Thanks alot jibbherr, I think I'm gonna go with the uprise, 100 bucks is a lot of beer money lol. How do you like the auto system, pretty easy to use and adjust?


----------



## jibbherr (Jul 25, 2009)

i love it, its so damn fast to get in and out once you get used to it. they are a pain in the ass to set-up out of the box as everything is pretty stiff but once you get it basically where you need it the rest is on the fly and wicked easy.


----------



## SigCool (Dec 31, 2009)

I had the 1st generation autos and now auto evers. The extra $ is worth it. The ever's are much more responsive and I have total control of the board.


----------



## nimpson (Apr 12, 2010)

how is the durablity of the auto system with the cable and all


----------



## rader023 (Feb 2, 2010)

nimpson said:


> how is the durablity of the auto system with the cable and all


I can't comment on the durability but I've been out on my regular Auto's a few times, and they are the best binding performance wise I have ever used.


----------



## Bodiboard (Oct 22, 2010)

*Durability*

I have put 60 days on the 2011 Auto evers I have, I got them late last year and they are hands down the best binding I have ever used. I am looking for a new back up set I like them so much. One real plus with the cable system is only one rachet and how light hey are wich is better on my knees. They look good for 60 days but I do take good care of my gear and am not bangin around the rails much. They are pretty stiff and not, usually, the best for parksters. So I would say :thumbsup: on durability.


----------



## Leo (Nov 24, 2009)

It all boils down to your desired stiffness (that's what she said). Evers are stiffer than the Uprises. Also lighter, but both are light overall.


----------



## Mysticfalcon (Nov 27, 2007)

Ive got about 20 days on the auto uprise I got partway through this season to go on my new SL. They arent super stiff but they arent that soft of bindings either. I would say they are very good all around bindings. Unless you are a real hard charging rider I would say that the Uprise is fine for pretty much everything.


----------



## lirong (Mar 10, 2011)

I just bought my first snowboard and I got Auto Uprise bindings.

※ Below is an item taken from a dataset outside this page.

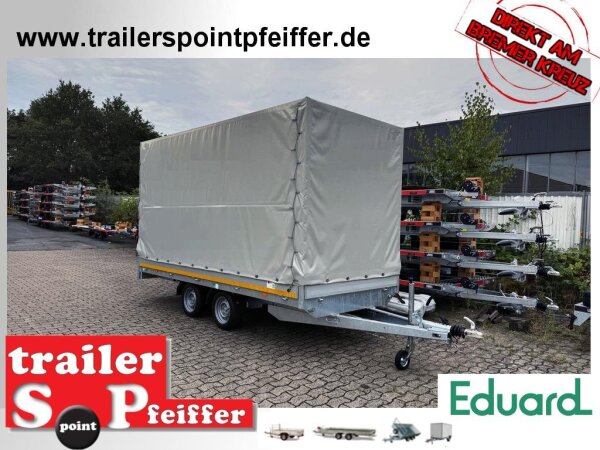 Gebraucht / EDUARD 4018 -GD- Hochlader, Bordwände 30cm -2700kg- Lfh: 63cm -195/50R13 mit Hochplane SP-Line RUNDDACH - ROLLFIX - Heckrollo aus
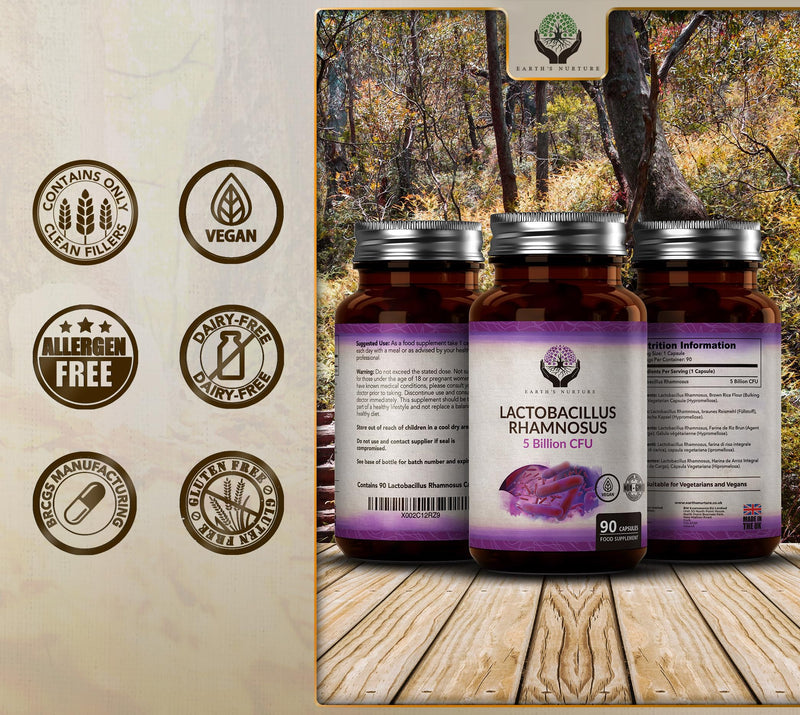 EN Lactobacillus Rhamnosus | 90 High Strength Rhamnosus Probiotic Capsules - 5 Billion CFU L-Rhamnosus Probiotics per Serving | Non-GMO, Gluten, Dairy & Allergen Free | Made in The UK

Im still a relative beginner so I cant comment too much on how they compare to other bindings, but I really liked the Auto system and I found them pretty easy to set up. After reading the posts here about it being such a PITA I was pretty intimidated, but I found it to be pretty straightforward (there are a couple of helpful videos on YouTube) and it only took a few minutes to get it right.

Using them on the mountain was easy and I really liked them.


----------



## mdc (Sep 23, 2008)

I ride the auto evers, a couple year old version. I really like mine, I also used to ride the autos. I got rid of them because I like the stiffer evers. I have 2 pair of evers and I've ridden over a 100 days on each. They are good bindings. I will be buying again when I can find a deal on the newer versions.


----------



## mdc (Sep 23, 2008)

Jut scored the 2011 auto evers for $170 brand new from Evo. Surf the Earth has them for $179 on sale and had Evo do the price match!


----------



## Mysticfalcon (Nov 27, 2007)

Nice score. 
I still love the uprise bindings I got.


----------



## jdang307 (Feb 6, 2011)

Question on setting up the autos. The toe strap, I have to adjust them to the point where they barely allow me to fit my boot in before tightening. If it's any looser, when I go to tighten the binding, the toe straps remain ever so slightly loose. Is this everyone else's experience as well? Any tips?

I have the Uprises.


----------



## Mysticfalcon (Nov 27, 2007)

Mine just barely fit but they fit fine. step into the binding and the toe strap slips over the toe and right into place 2/3 of the time. Rest of the time just requires a quick alignment before cranking them in.


----------



## mdc (Sep 23, 2008)

Make sure you have the toe strap fully stretched out before stepping into the baseplate.


----------